Stars flooded Keo’s eyes and his head rang, and he was almost sure that a piece of Calvin’s pulverized nose was jutting out of his own forehead
(That’s what you get for using a part of your head as a battering ram!)
, but he fought through all of that—or as much as he could—and staggered back and spun around. He blinked through the blood coating his eyes (his, Calvin’s, but mostly Calvin’s) as Bellamy stood five feet from him.

“Jesus Christ,” Bellamy said even as he backpedaled, the look of shock frozen on his face.

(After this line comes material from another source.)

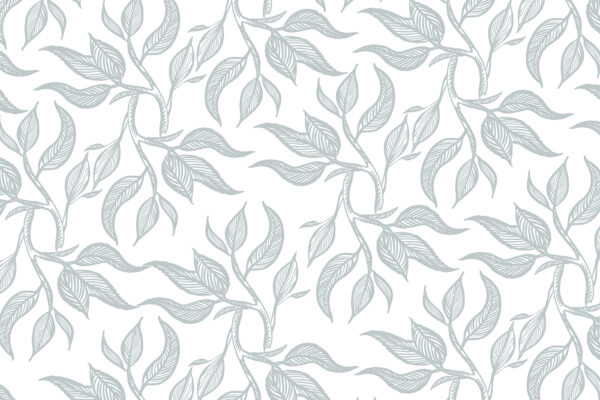 Motif de feuilles sur fond blanc u96720p 600x400 - Motif de feuilles sur fond blanc - tegory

For some reason, Keo grinned and wondered what he must look like with his face coated in a film of Calvin’s plasma while the man himself was sitting against the wall, large body tilted dangerously over to one side as blood
drip-drip-dripped
from his chin like heavy raindrops. Calvin was still alive, because Keo could hear him breathing. Or wheezing, anyway, because the air was clearly going through that bloody hole in the middle of his face that used to be his nose. It was a grotesque sight, but at the moment Keo couldn’t be bothered to feel any sympathy for the man.

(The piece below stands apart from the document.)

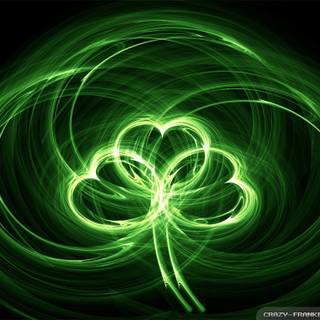Shamrocks wallpaper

Keo didn’t so much as run at Bellamy as he threw himself like some human missile at the man. His aim was true and he crashed into Bellamy’s chest, turning his body slightly at the last second so that his shoulder buried itself into the other man’s sternum just as Bellamy managed to get the Glock out of its holster.

He collapsed back down to Earth on his shoulder and let out a pained grunt, even as Bellamy landed on his back farther up the hallway. For some reason Keo thought his luck might have been good enough to jostle the gun loose from Bellamy’s hand, but he was wrong. Very, very wrong, as it turned out, because he found himself staring at the wrong end of a gun barrel.

Keo gritted his teeth and waited to eat a bullet, but for whatever reason Bellamy, sitting on the hallway floor on his ass, didn’t fire. Instead, he just stared across the iron sights of his weapon at Keo, that look of shock still present on his face.

After what seemed like an eternity—though it was probably more like two or three seconds—Keo let out a resigned sigh and slowly picked himself up from the floor and onto his knees. He was breathing hard, but that was more from exertion and the throbbing pain originating from his forehead than fear.

Bellamy stood up, the gun never wavering from Keo’s head for a single heartbeat. After a moment, he smirked.